Ahmet Kekeç’i tanıdığımda yıl 1995’ti. Marmara İletişim’den mezun olmuş, bir yandan yüksek lisans yapıyor bir yandan yeni kurulan Kanal 7 ‘de yapımcı-yönetmen olarak çalışıyordum. Bütün ekip yüksek motivasyonla deliler gibi çalışıyorduk. Aidiyet duygumuz çok yüksekti.
Özel TV kanalları peş peşe açılmıştı. Yetişmiş eleman sayısı ihtiyaca yetmediğinden sektöre yeni giren gençler yüzmeyi doğrudan okyanusta öğreniyordu. Kanal 7 gibi yayın politikası da izleyici hassasiyeti de diğerlerinden farklı ve alternatifsiz olan bir kanalda içerik üretecek kadrolar için zaman hayli zorluydu. 28 Şubat’ın ayak sesleri duyulmaktaydı.

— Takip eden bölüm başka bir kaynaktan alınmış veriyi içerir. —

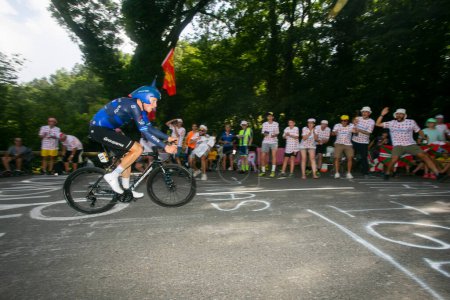 Téléchargez les photos : Domancy, France 18 juillet 2023 : STEFAN KNG (GROUPAMA - FDJ FRA) en contre-la-montre au Tour de France 2023. - en image libre de droit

Böyle bir dönemde yöneticilerimiz “günün yorumu”nu çekmemi istedi benden. Verdikleri listede Ahmet Taşgetiren, Afet Ilgaz ve Hasan Hüseyin Ceylan’dan başka Ahmet Kekeç de vardı. Akit gazetesinde köşe yazıyordu Ahmet abi ve Kanal 7’de yaptığı yorumlarla izleyiciden büyük takdir görüyordu.
İhtiyaç duyduğumuz bir sesti onunki. Müdanasız, gür ve alaycıydı. Mızmızlanmıyordu. Lafı dolandırmıyordu. Sessiz yığınlara yönelik baskılara, hak ihlallerine, demokrasi ihlallerine haklı oluşun tüm heybetiyle karşı çıkıyordu.